= TASK DESCRIPTION =
The line with "Now because I" and each line following it, up to the final line of the data, should be set down exactly; pictures stay out.

= SOURCE DATA =

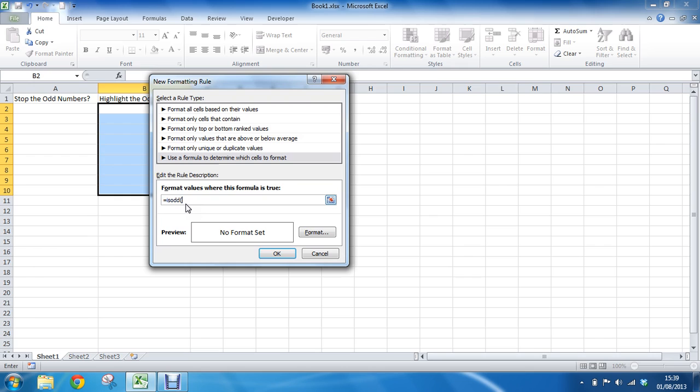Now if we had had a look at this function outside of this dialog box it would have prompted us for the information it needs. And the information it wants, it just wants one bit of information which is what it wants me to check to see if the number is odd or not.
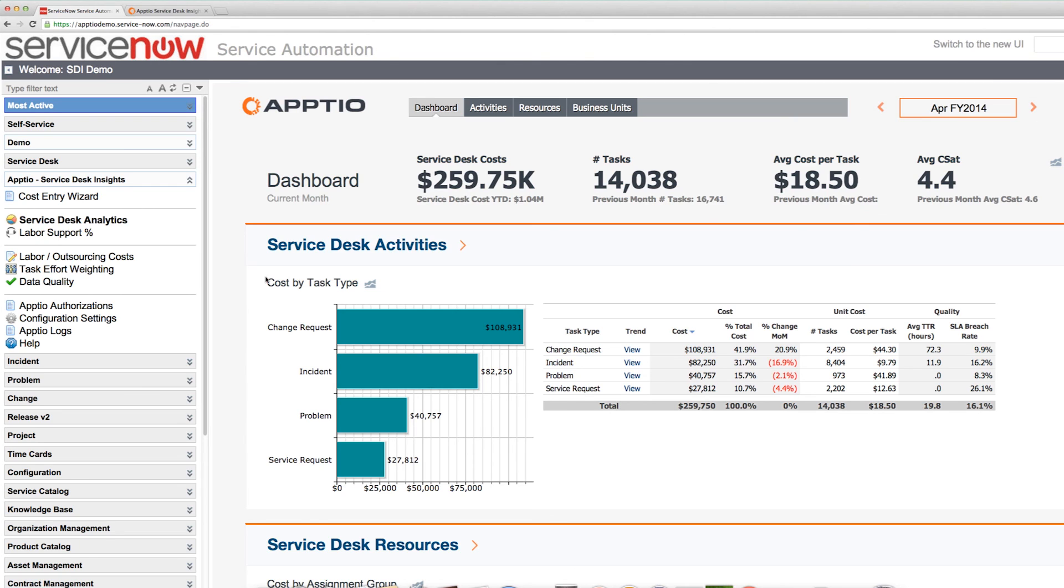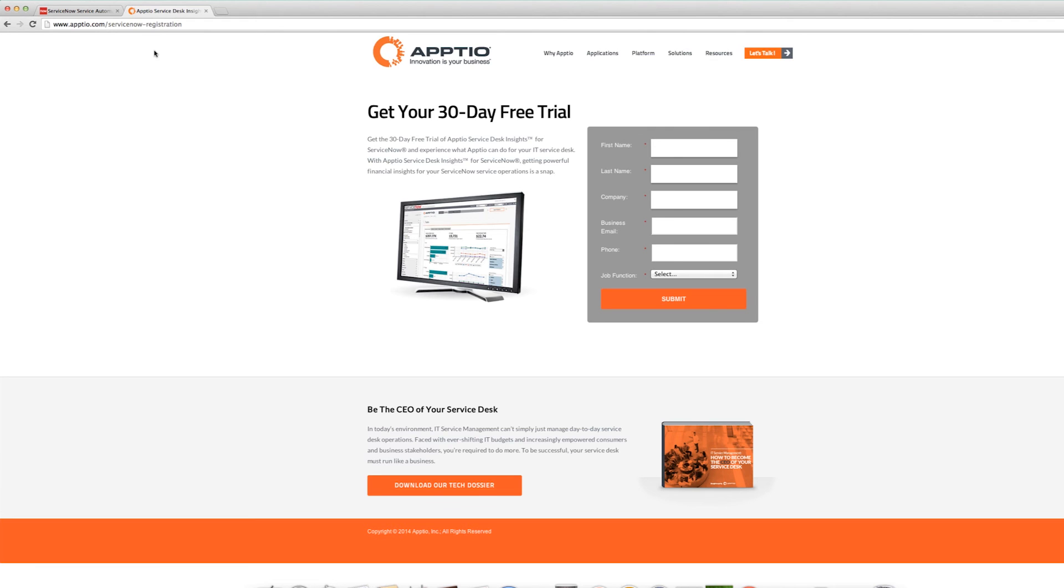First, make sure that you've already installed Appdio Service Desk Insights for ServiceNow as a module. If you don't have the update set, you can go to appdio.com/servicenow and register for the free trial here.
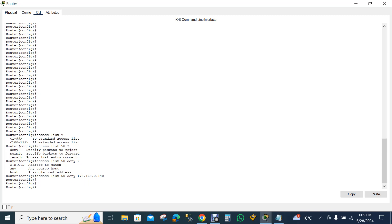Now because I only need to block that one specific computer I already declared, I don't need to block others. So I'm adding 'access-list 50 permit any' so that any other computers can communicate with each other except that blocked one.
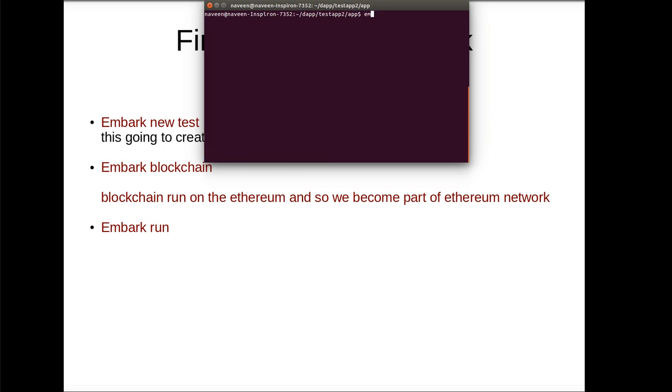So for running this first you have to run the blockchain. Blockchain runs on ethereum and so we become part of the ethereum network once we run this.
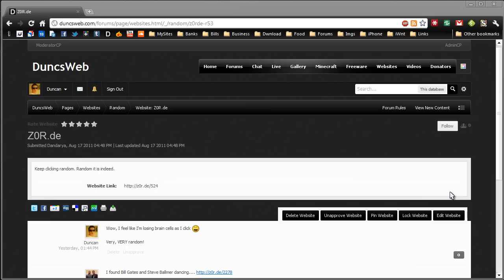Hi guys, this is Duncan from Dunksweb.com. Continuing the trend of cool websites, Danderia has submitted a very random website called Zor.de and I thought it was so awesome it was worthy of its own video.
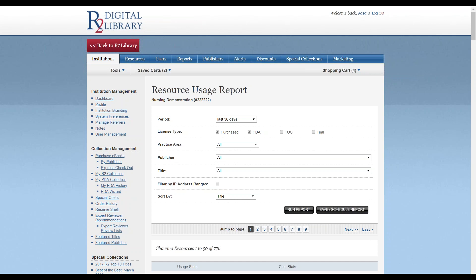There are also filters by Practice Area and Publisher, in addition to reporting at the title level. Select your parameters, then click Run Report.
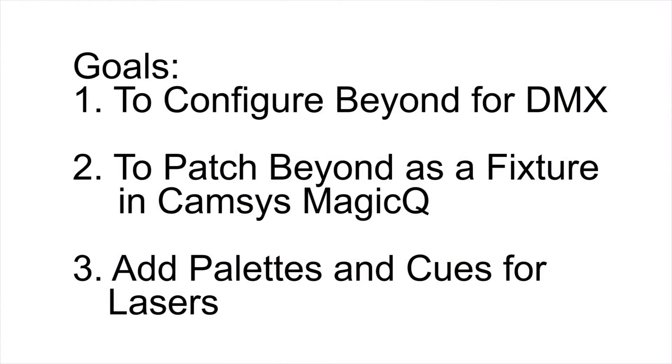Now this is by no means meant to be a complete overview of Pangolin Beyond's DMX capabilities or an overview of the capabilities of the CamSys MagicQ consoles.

= SOLUTION BELOW =
Now because I only need to block that one specific computer I already declared, I don't need to block others. So I'm adding 'access-list 50 permit any' so that any other computers can communicate with each other except that blocked one.
So for running this first you have to run the blockchain. Blockchain runs on ethereum and so we become part of the ethereum network once we run this.
Hi guys, this is Duncan from Dunksweb.com. Continuing the trend of cool websites, Danderia has submitted a very random website called Zor.de and I thought it was so awesome it was worthy of its own video.
There are also filters by Practice Area and Publisher, in addition to reporting at the title level. Select your parameters, then click Run Report.
Now this is by no means meant to be a complete overview of Pangolin Beyond's DMX capabilities or an overview of the capabilities of the CamSys MagicQ consoles.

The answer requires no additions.